Contaminant transport in soils is complicated and involves some physical and chemical nonequilibrium processes. In this research, the soil column displacement experiments of Cl− and atrazine under different flow velocities were carried out. The data sets of Cl− transport in sandy loam fitted to the convection dispersion equation (CDE) and the two-region model (TRM) indicated that the effects of physical nonequilibrium process produced by immobile water on the breakthrough curves (BTCs) of Cl− and atrazine transport through the repacking soil columns were negligible.

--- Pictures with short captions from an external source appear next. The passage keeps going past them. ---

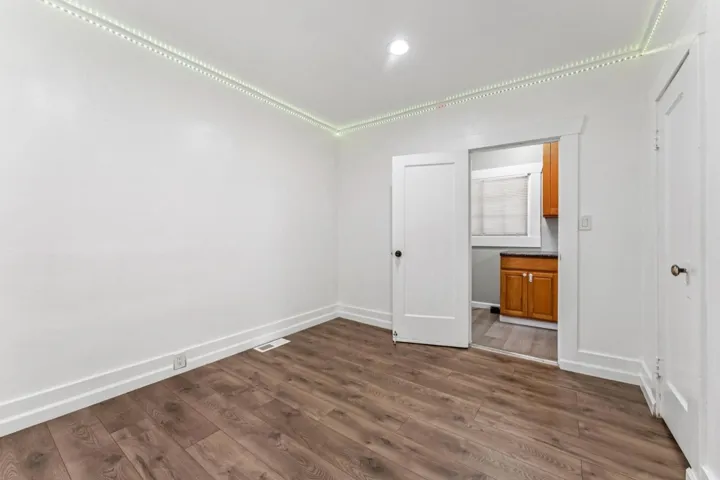 Unfurnished bedroom with dark wood-style flooring and baseboards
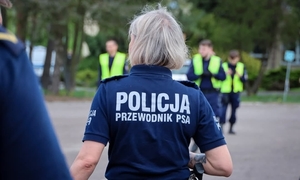 Zdjęcie przedstawia sylwetkę policjantki stojącej tyłem. Na jej koszulce widać napis POLICJA PRZEWODNIK PSA.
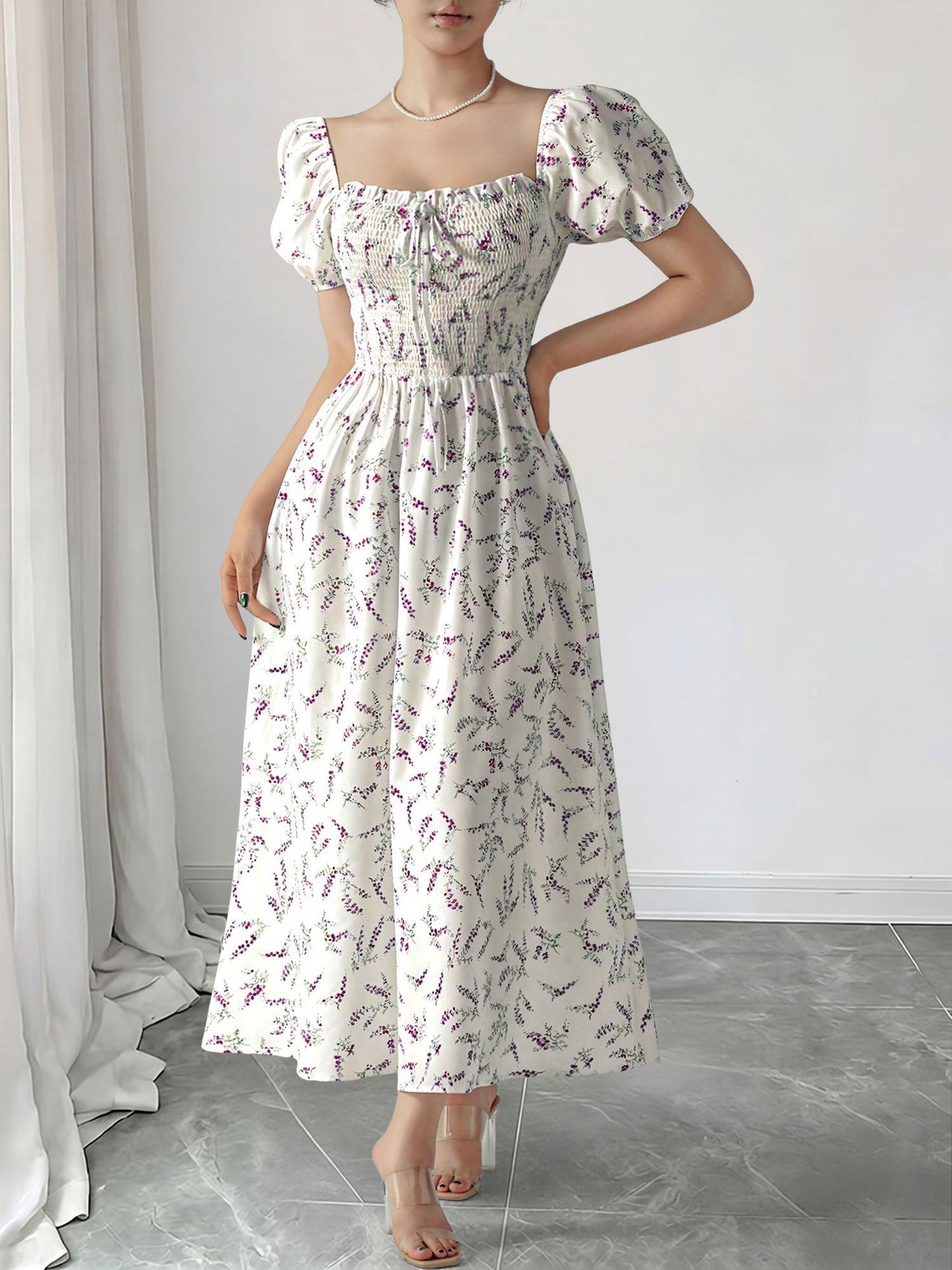 Purple - Woman wearing a woven floral square-neck midi dress with short puff sleeves and a shirred bodice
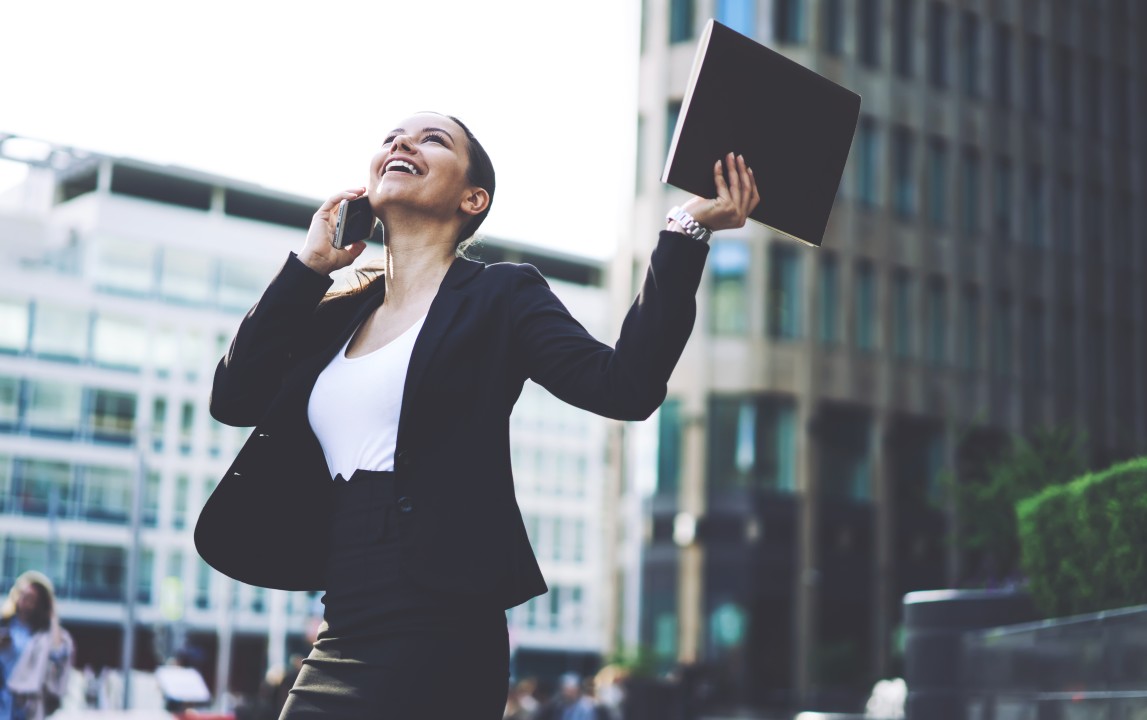 Donna sorridente in abbigliamento professionale che parla al telefono per strada, simbolo di successo, motivazione e raggiungimento degli obiettivi grazie al coaching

The two-site model (TSM) and the continuous time random walk (CTRW) were also used to fit atrazine transport behavior at the flow rate of 19.86 cm h−1. The CTRW convincingly captured the full evolution of atrazine BTC in the soil column, especially for the part of long tailing. However, the TSM failed to characterize the tailing of atrazine BTC in the soil column. The calculated fraction of equilibrium sorption sites, F, ranging from 0.78 to 0.80 for all flow rates suggested the contribution of nonequilibrium sorption sites to the asymmetry of atrazine BTCs. Furthermore, the data sets for the flow rates of 6.68 cm h−1 and 32.81 cm h−1 were predicted by the TSM and the CTRW. As to the flow rate of 6.68 cm h−1, the CTRW predicted the entire BTC of atrazine transport better than the TSM did. For the flow rate of 32.81 cm h−1, the CTRW characterized the late part of the tail better, while the TSM failed to predict the tailings of atrazine BTC.